Ravi is my mom's dog, and she has a release dog, Leonard. Leonard's mom died from heart complications after his birth, so we got Leonard at a day old, since at the time we had a nursing mom with a litter. Leonard made it fine and is a big, healthy guy, but pretty neurotic from the trauma at birth so they released him from the program. Now he's a mama's boy. My dog Meg, who passed away last year, was a breeder for CCI too, so we've been doing it for fifteen years. It's really a cool thing and fun, too.


----------



## TerriB (Nov 16, 2003)

Beautiful puppies and great program! Thanks so much for sharing. Ah, yes, puppy breath!!!


----------



## mr squeaks (Apr 14, 2005)

No wonder Ravi is tired! 10 puppies...WOW!

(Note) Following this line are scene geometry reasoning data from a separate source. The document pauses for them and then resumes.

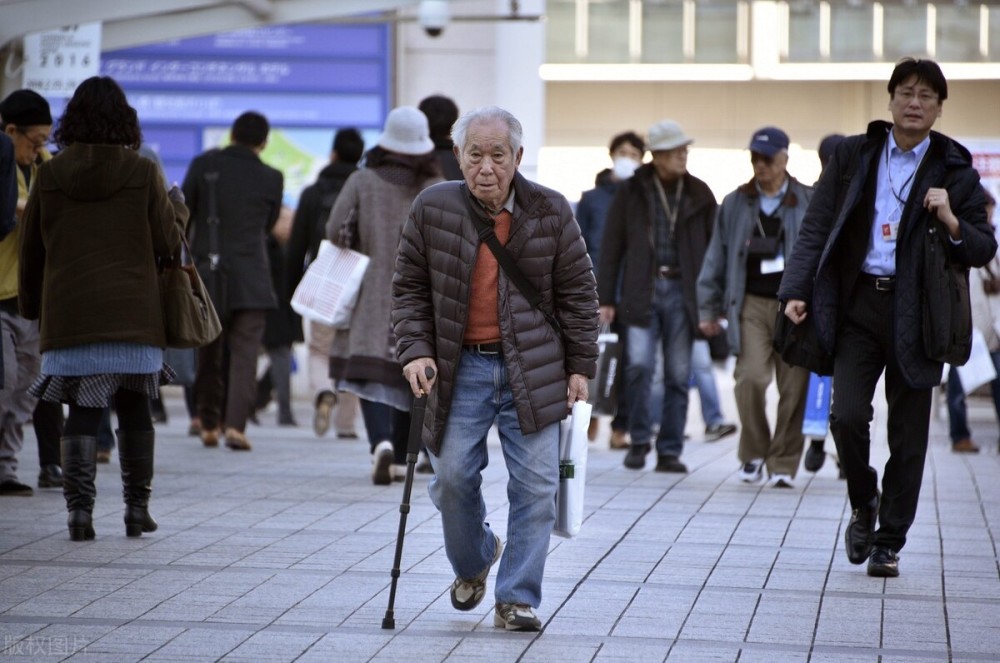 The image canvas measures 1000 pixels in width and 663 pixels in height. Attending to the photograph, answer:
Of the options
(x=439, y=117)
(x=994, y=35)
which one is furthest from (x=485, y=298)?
(x=994, y=35)

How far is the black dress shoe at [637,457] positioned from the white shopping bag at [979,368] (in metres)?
3.04

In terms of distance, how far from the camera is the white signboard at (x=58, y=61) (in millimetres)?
11922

Great organization too! Hugs for all and will look forward to updates...

Looks like you are gonna be busy too, Maryjane!


----------



## Feather (Dec 8, 2005)

I could just kiss everyone of those pups!

Bless that lil Mama dog.

Feather


----------



## andinla (Mar 11, 2003)

*Wow 10 puppies*

that is a lot for a mom to handle..I hope she has enough milk for all of them... Good luck.. Andi


----------



## maryjane (Jul 15, 2006)

She seems to be nursing just fine, which is nice, since the last litter she had she HATED the puppies! This is her third litter, and her second litter with us since we got her last year. Her last litter, we had to literally make her lay down to nurse. She wanted nothing to do with the puppies, poor girl. This time around she's a pro and nursing most of the day, then taking breaks to come out and hang with the family. My mom's other dog, Leonard, runs in every time one of the puppies cries, to see what's going on. It's so cute. There are some new pictures in the puppy album if anyone wants to see (see link in first post), but they pretty much still look the same as they did a few days ago.


----------



## maryjane (Jul 15, 2006)

*Puppies and Uncle Scooter*

Okay, here are some new pics of the growing puppies! Scooter the teenaged cat is in most of the pictures. About a week ago he decided he's a puppy and started sleeping in with them during the day and evenings. He is very gentle, washes them and purrs and lets them climb all over him. Now they are starting to rough-house (three weeks today) and he plays with them, no claws or teeth. It's so sweet. None of the other cats really want anything to do with them. There are a few pictures of Scooter's brother, Rupert, checking them out. Enjoy!  
http://picasaweb.google.com/awrats3333/Puppiesnew


----------



## andinla (Mar 11, 2003)

*Hi*

Is their mother a Golden Retr? Just curious if that is her in the picture.

Andi


----------



## Maggie-NC (Jun 22, 2005)

Maryjane, I'll feel "fuzzy" all day after seeing those pictures. They are great especially those with Scooter in them. To me the best shot is near the end when one of the puppies is laying a really big smooch on Scooter.

Thanks for sharing. They're wonderful.


----------



## mr squeaks (Apr 14, 2005)

MJ - Those pics of Scooter and the pups are absolutely GREAT! 

WHO says dog and cats are "natural" enemies...not me!!

LOVE THOSE PICS...

Please keep us updated! And, thanks for posting!


----------



## maryjane (Jul 15, 2006)

Andi, that was Uncle Leonard in the picture, he's a golden retriever. Ravi is the mom, she's a golden lab. Leonard was raised from two days old by Ravi's grandmother (Myrtle), so Leonard and Ravi are "cousin dogs".  Leonard just likes to check on the puppies every once in awhile and make sure they're not taking over his household.


----------



## Rockie (Jan 18, 2005)

They are all precious. What a special kitty that Scooter is!


----------



## Skyeking (Jan 17, 2003)

The puppies are growing like weeds, and Scooter looks quite happy with them. He must have quite a personality and his markings are equally unusual and interesting. Quite a contrast, what a beautiful cat...kitty.


----------



## TerriB (Nov 16, 2003)

Wonderful pile of puppies!!! What a great cat Scooter is, teaching those puppies how to play nice with kitties!


----------



## TAWhatley (Mar 6, 2001)

Wonderful, Maryjane! Thank you for the photos and mostly for the good you are doing for these animals!

Terry


----------